Maria Luis Albuquerque (00:58:14):

So, obviously, I, like, uh, everyone else, I’m sure, fully respe- respect your decision to make a referendum and ask your people whatever you think should be asked. But please bear in mind that whatever comes out of the decision of the one, of one country cannot presume decisions from all the other 18. And this has been made extremely clear since February 11th when we had our first meeting. And somehow I have the feeling that the message is not going through.

Jeroen Dijsselbloem (00:58:51):

Thank you. Rimantas.

Rimantas Šadžius (00:59:02):

Thank you, Jeroen. Uh, from the very beginning, uh, this negotiation with the new Greek authorities, uh, seemed very strange to me. Well, I understood from the very, uh, onset, from, from February that the new Greek government, uh, was trapped between economic realities that I think we do understand very well around this table and, uh, pre-election promises. Uh, and this is a difficult situation to any new government. Of course, uh, the political elite of the country should, uh, work upon overcoming this post-election syndromes.
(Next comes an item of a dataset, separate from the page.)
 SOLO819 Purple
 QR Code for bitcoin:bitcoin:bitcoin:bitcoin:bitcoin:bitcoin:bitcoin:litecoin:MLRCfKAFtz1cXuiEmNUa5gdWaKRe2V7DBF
Rimantas Šadžius (00:59:41):

And I think in many countries, uh, uh, pre-election, um, pre-election promises and the, the, uh, real action, um, uh, differ more or less, uh, in different countries. Uh, it depends on the, on the style of this election campaign, but, uh, nevertheless, uh, please recall that at the very first meeting, um, Pierre Moscovici told that there are three trajectories and we were discussing about, uh, the first two, and it was me who said, well, I think the most realistic was the third trajectory that we do nothing and everything goes on, uh, as it should go. Um, the, on, uh, based on economic grounds.

Rimantas Šadžius (01:00:27):

My thoughts, my, my hope was, uh, that, uh, sometime later, uh, the Greek gov- new Greek government will feel the economic reality that it encounters in the country and, uh, things will start normalize. But all these, uh, six months, that’s, uh, the, the previous, uh, program was extended, was spent mostly… please, uh, please, let’s be frank to us, ourselves, was spent by waiting proposals from the Greek side. And these proposals, the first proposals that came where, some of them were, were, were quite naive like, uh, video cameras on housewives, uh, and, and students, things like that.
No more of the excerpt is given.